Mr. Porowski is cooking from a rented apartment in Austin, Texas, where he found himself marooned when “Queer Eye” production was put on hold. “It’s about making do with what you have,” he said.

For Daniella Cheslow, a reporter for WAMU, the NPR news station in Washington, D.C., working from home requires a battle with acoustics. At WAMU’s offices, Ms. Cheslow has a specialized recording booth with a soundboard and a monitor.

She now makes do with a home pillow fort: 14 carefully stacked cushions and pillows, a tablecloth and a blanket draped over a chair. Her recorder and microphone go inside the fort to get broadcast-quality audio.

“Radio reporters are used to making things happen on the fly,” she said.

And with Broadway dark, performers who have been sidelined by coronavirus closings are making music at home and urgently raising money for The Actors Fund, the charitable organization that is a lifeline to many in the entertainment industry.

Rosie O’Donnell teamed up with the actor and producer Erich Bergen — who played Blake Moran on “Madame Secretary” — recently for a live, one-hour comeback show, also in support of the Actors Fund.
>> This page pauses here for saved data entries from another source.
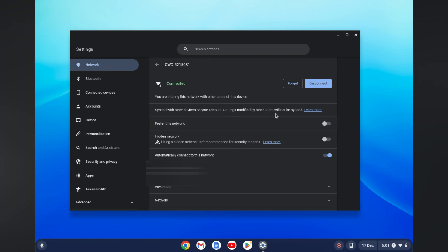Then you will see the option 'Forget'. Simply tap on that and that's it. Hope you found this video helpful and informative on how to forget a Wi-Fi network on Chromebook.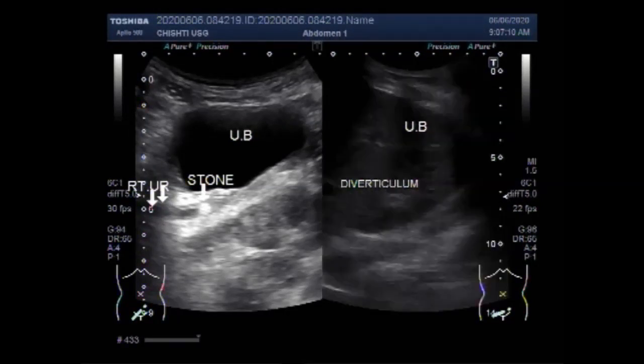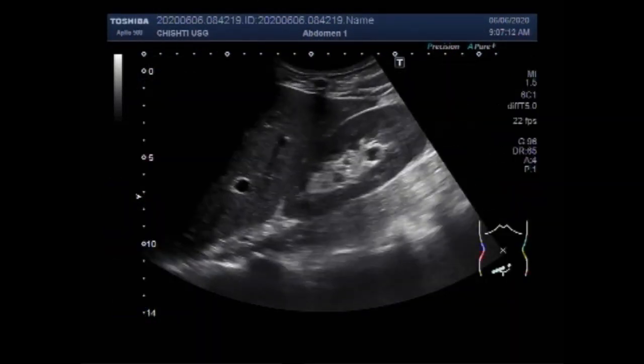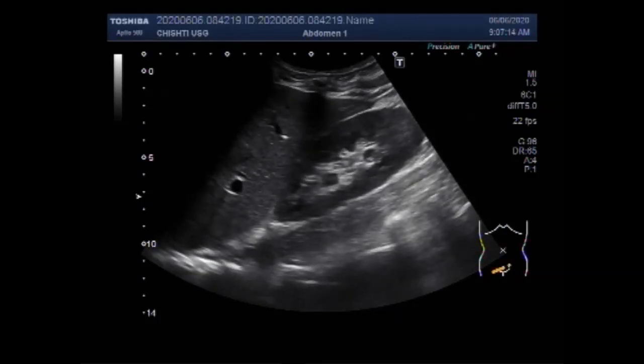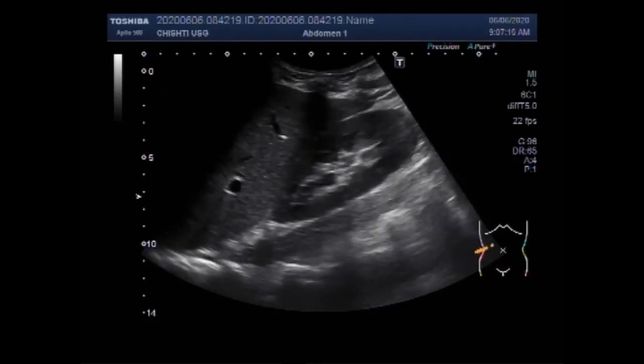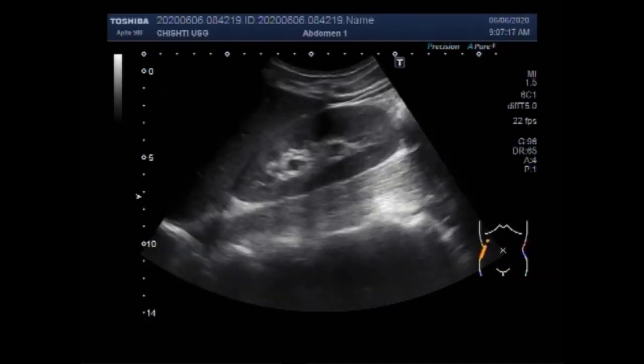Dear viewers, I hope you are all fine. This ultrasound video shows a stone in the ureter and diverticulum of the urinary bladder.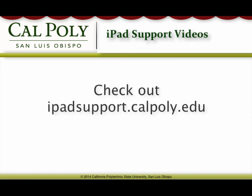And that's all that's left for your iPad's accessibility settings. If you have any more questions, don't hesitate to go to ipadsupport.calpoly.edu.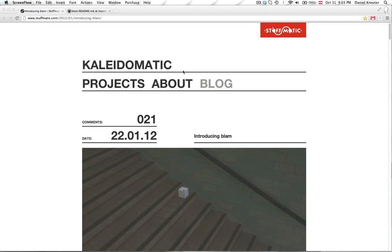Hello everyone, my name is Daniel Kreuter and today I want to do a quick tutorial or also a bit of a review of the add-on for Blender called Blam from Stuffmatic.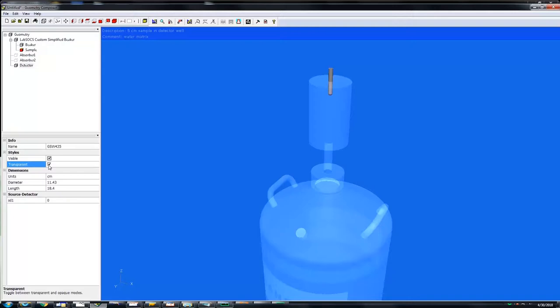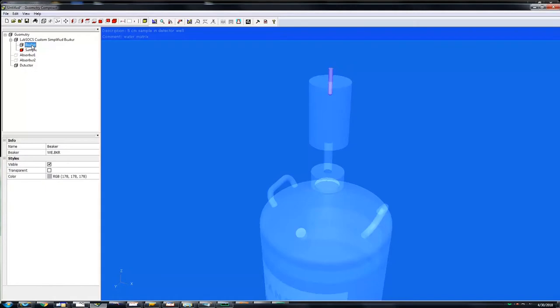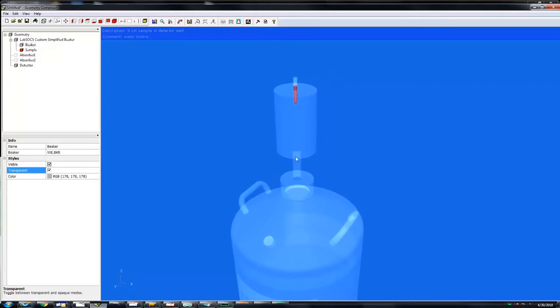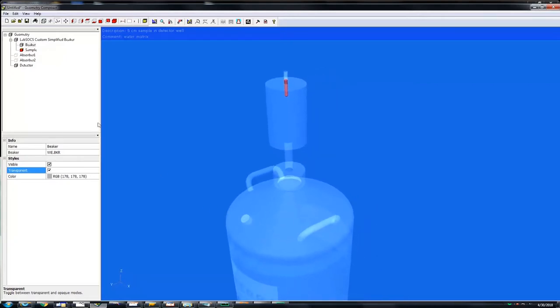To also see the sample within the container, you will do the same as you did for the detector. Click on beaker and check the box next to transparent. The red value inside is the representation of the sample within the container in the detector.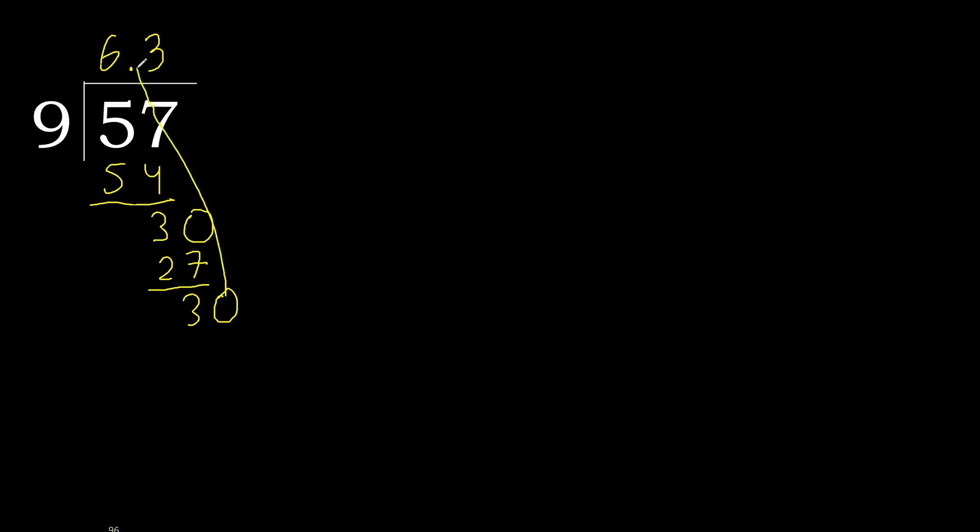Complete. Point is here. 30. 9 multiplied by 3, 27. Subtract, complete.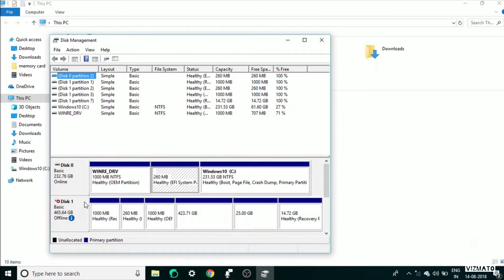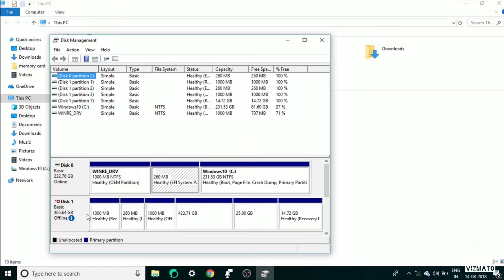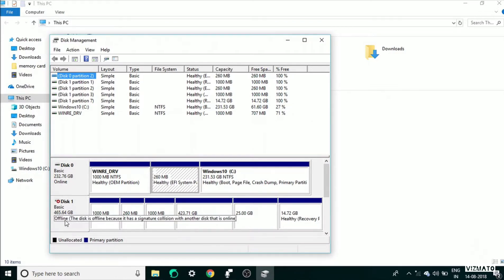It is offline because it has a signature collision. It shows this problem because it is cloned - I have cloned the hard drive from this internal hard drive only.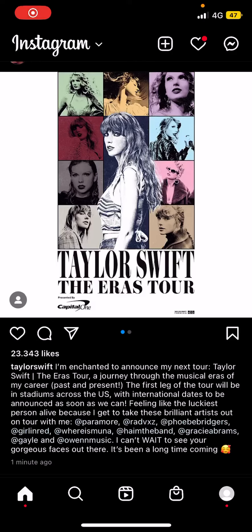Hey guys and welcome back to this channel. In this video I'll be showing you guys how you can find your saved posts on Instagram.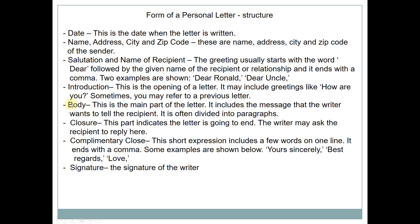And then the Body of Letter — ini adalah isi surat. This is the main part of the letter. It includes the message that the writer wants to tell the recipients — jadi maksudnya ini mengandung pesan yang dimaksudkan oleh pengirim kepada penerimanya. It is often divided into paragraphs — kalau suratnya agak panjang, karena ini dikatakan lebih panjang daripada a dash of note atau lebih panjang juga daripada an invitation.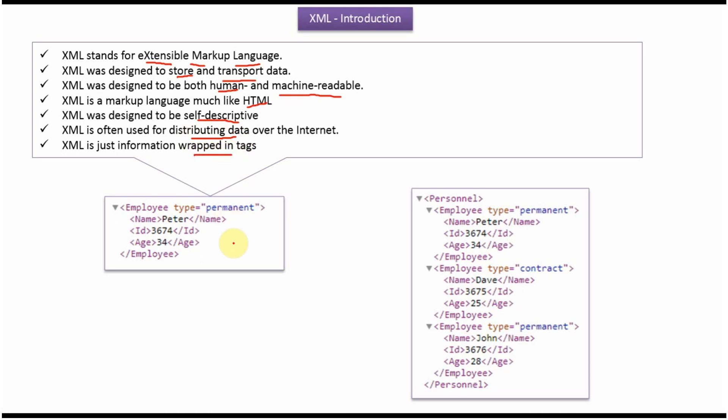Here you can see employee.xml. The name of the employee is Peter, ID of the employee is 3674, age of the employee is 34, and type of the employee is permanent.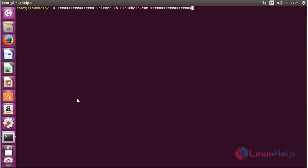Welcome to LinuxHelp.com. In this session we are going to see how to install XF Dashboard on Ubuntu 16.04.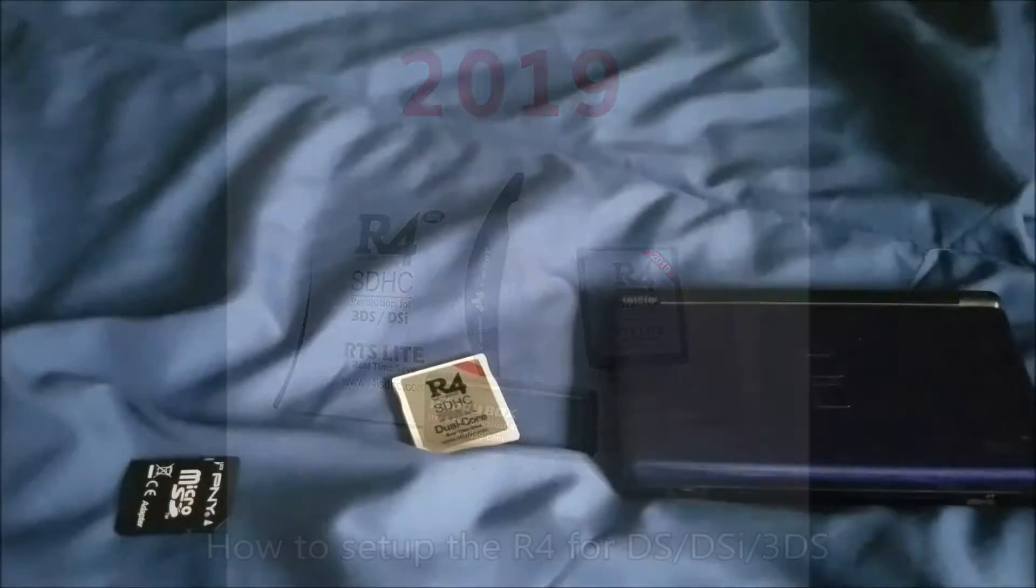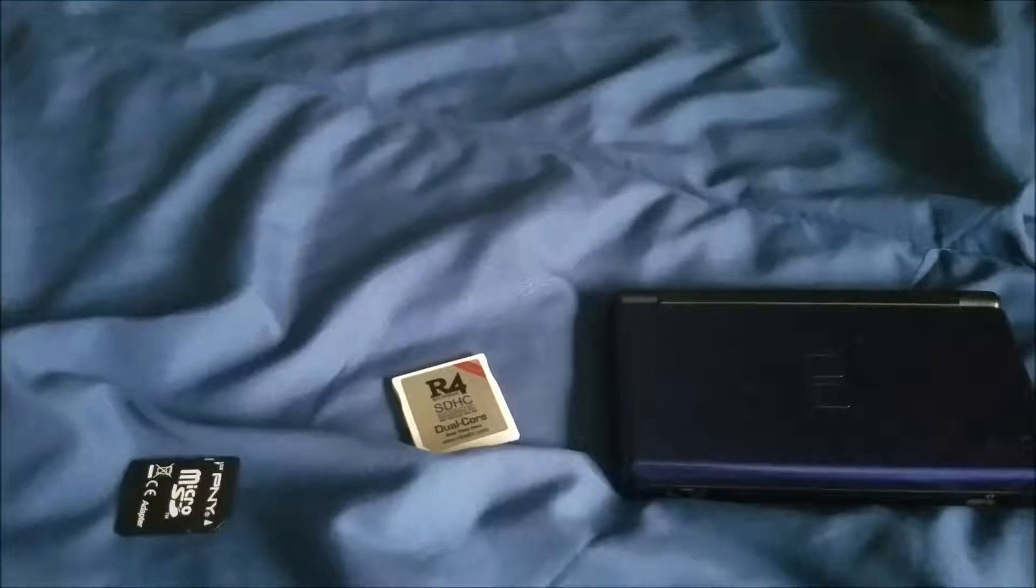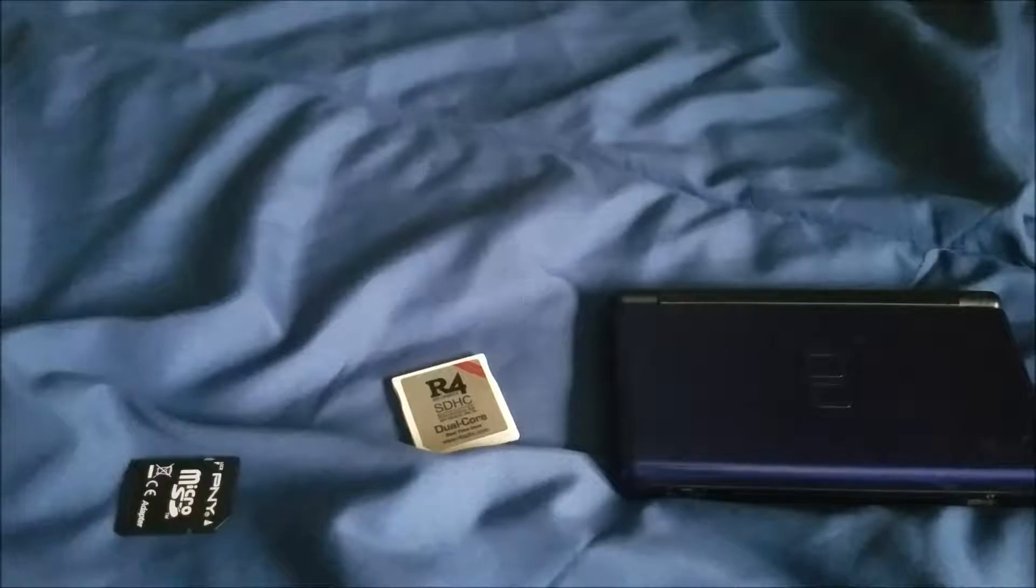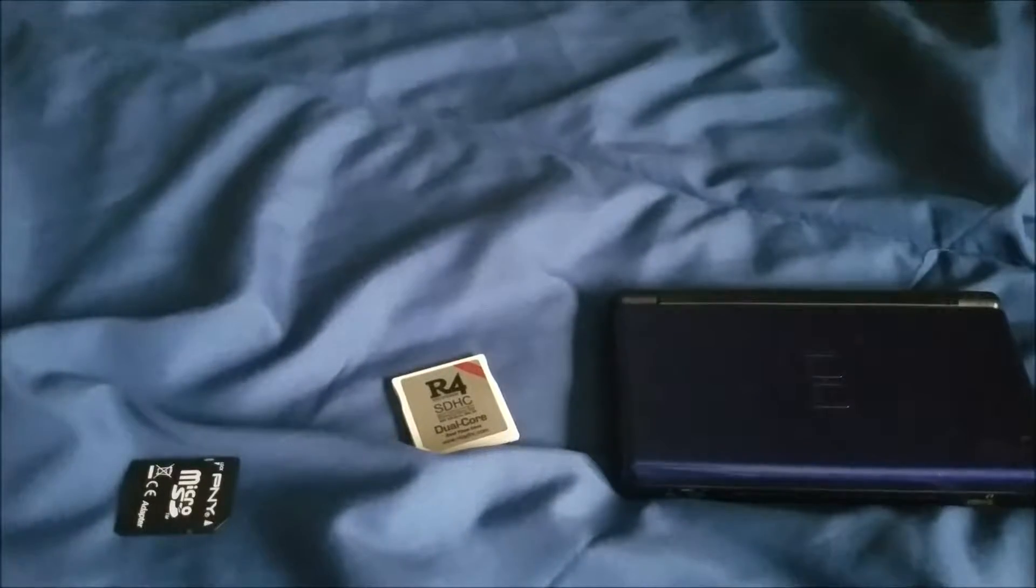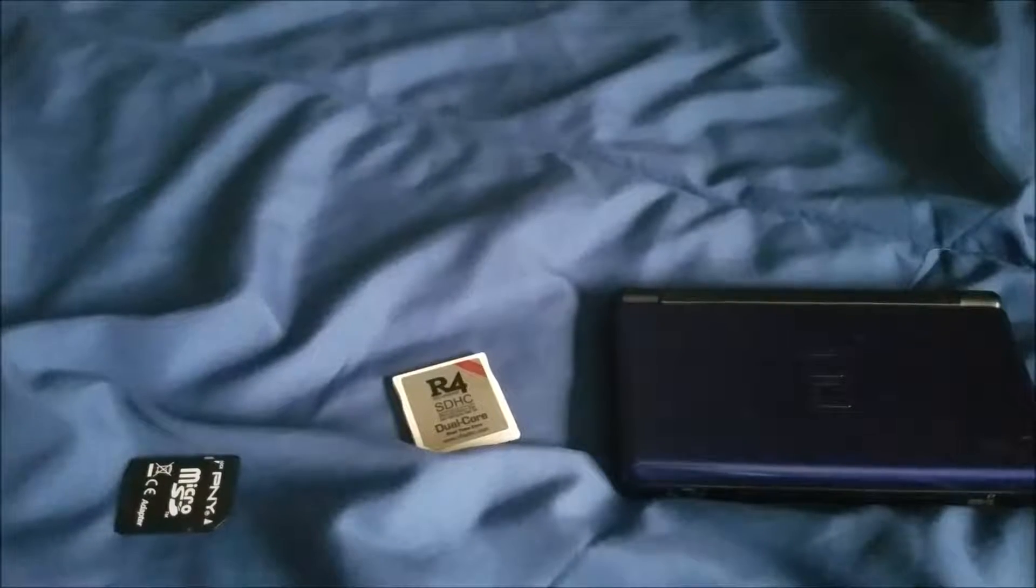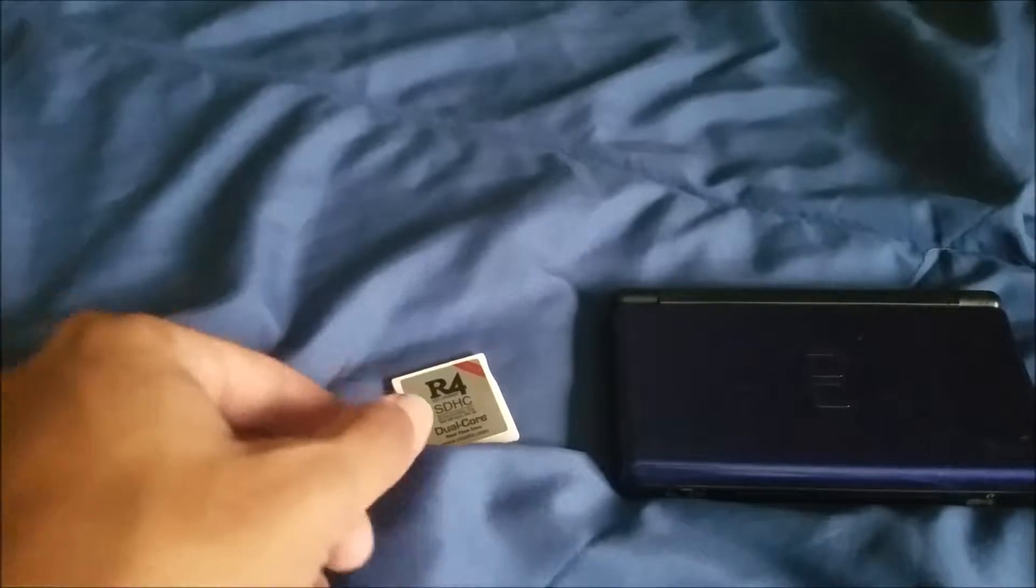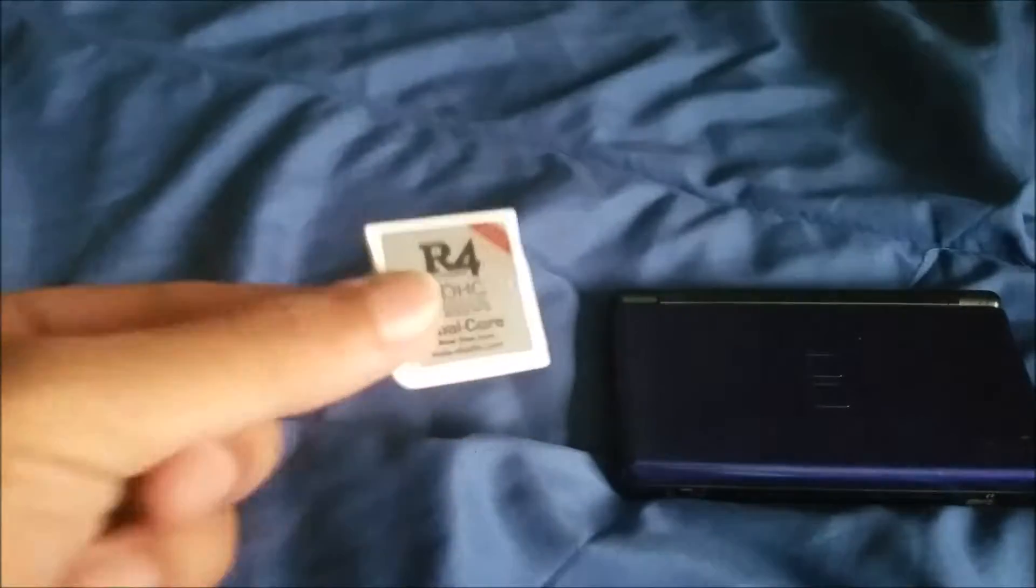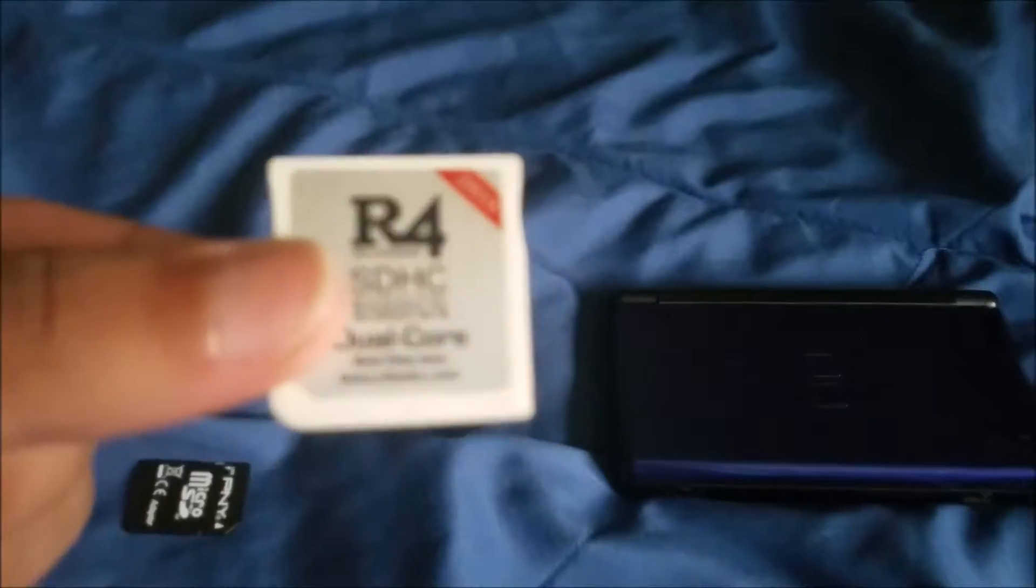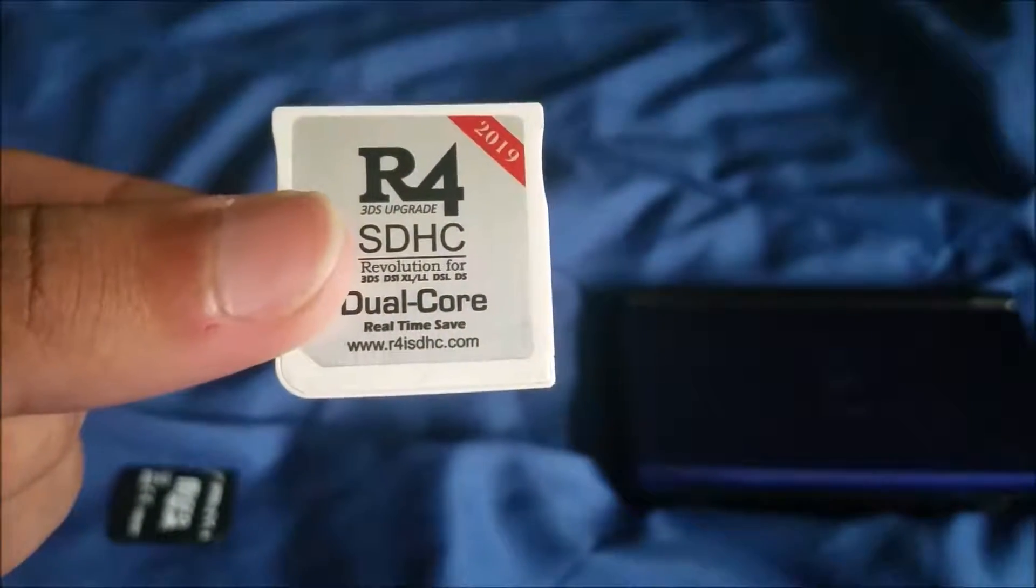Guys, this is Peace Sensei. Today I'm going to be showing you how to set up your flash cart on your R4. The flash cart I'm going to be using for this video is the R4 SDHC Dual Core.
From her garage art studio, she hosted guest appearances with megastars including Harvey Fierstein, Idina Menzel and Patti LuPone, all singing and chatting from their own living rooms, kitchens and basements.

“Every single performer, as well as the host, the producer and the tech director are working from their homes,” said Mr. Bergen ahead of the broadcast. “Most of us will probably not be wearing pants.”

Meanwhile, the Sirius XM Radio host Seth Rudetsky and his husband, the producer James Wesley, are still doing two shows a day — just virtually, from their home an hour north of New York City, via hourlong “Stars in the House” broadcasts that have welcomed guests including Kristin Chenoweth, Will Swenson and Jason Alexander, as well as older stage veterans.

“I had to explain to John Lithgow and Andrea Martin, who are both over 70, how to use their laptops. And it’s magical — now they both know how to live-stream,” Mr. Rudetsky said.